## AIM OF THE TASK
Leave the images out. Give every line below again, precisely.

## DATASET CONTENT

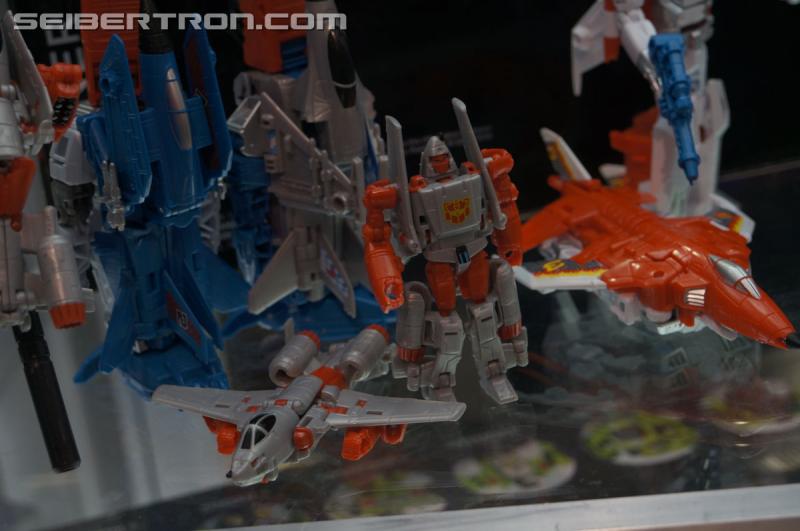 SDCC 2015: Hasbro Booth: Combiner Wars G2 Superion and the Aerialbots - Transformers Event: DSC03300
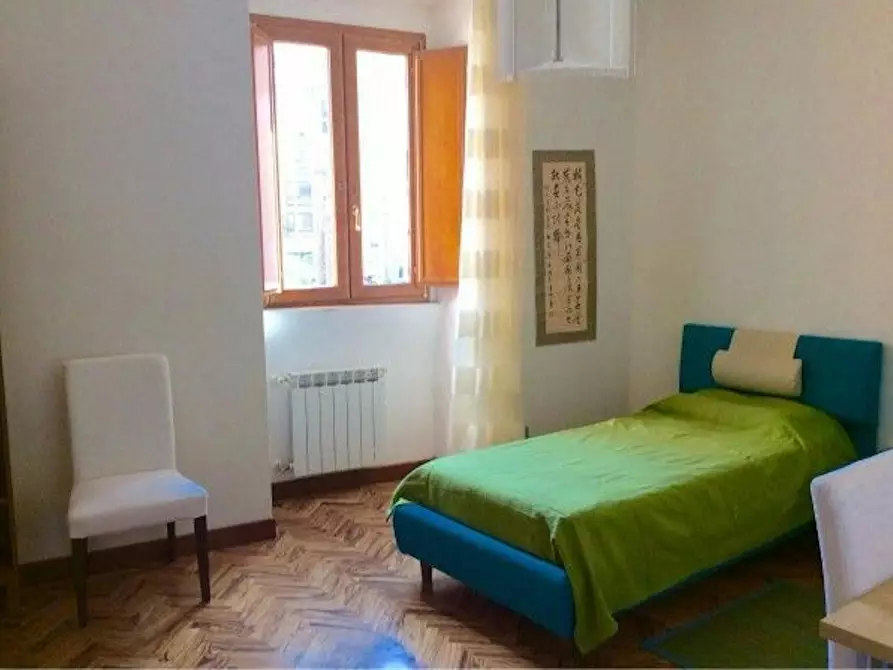 Immagine 1 di Camera in affitto  in Via Napoli a Roma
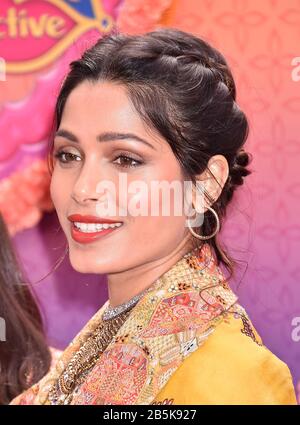 Burbank, CA - 07 MARZO: Freida Pinto frequenta la prima del Disney Junior's 'mira, Royal Detective' al Walt Disney Studios Main Theatre il 07 marzo 2020 a Burbank, California. Foto Stock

## ANSWER BOX
 SDCC 2015: Hasbro Booth: Combiner Wars G2 Superion and the Aerialbots - Transformers Event: DSC03300
 Immagine 1 di Camera in affitto  in Via Napoli a Roma
 Burbank, CA - 07 MARZO: Freida Pinto frequenta la prima del Disney Junior's 'mira, Royal Detective' al Walt Disney Studios Main Theatre il 07 marzo 2020 a Burbank, California. Foto Stock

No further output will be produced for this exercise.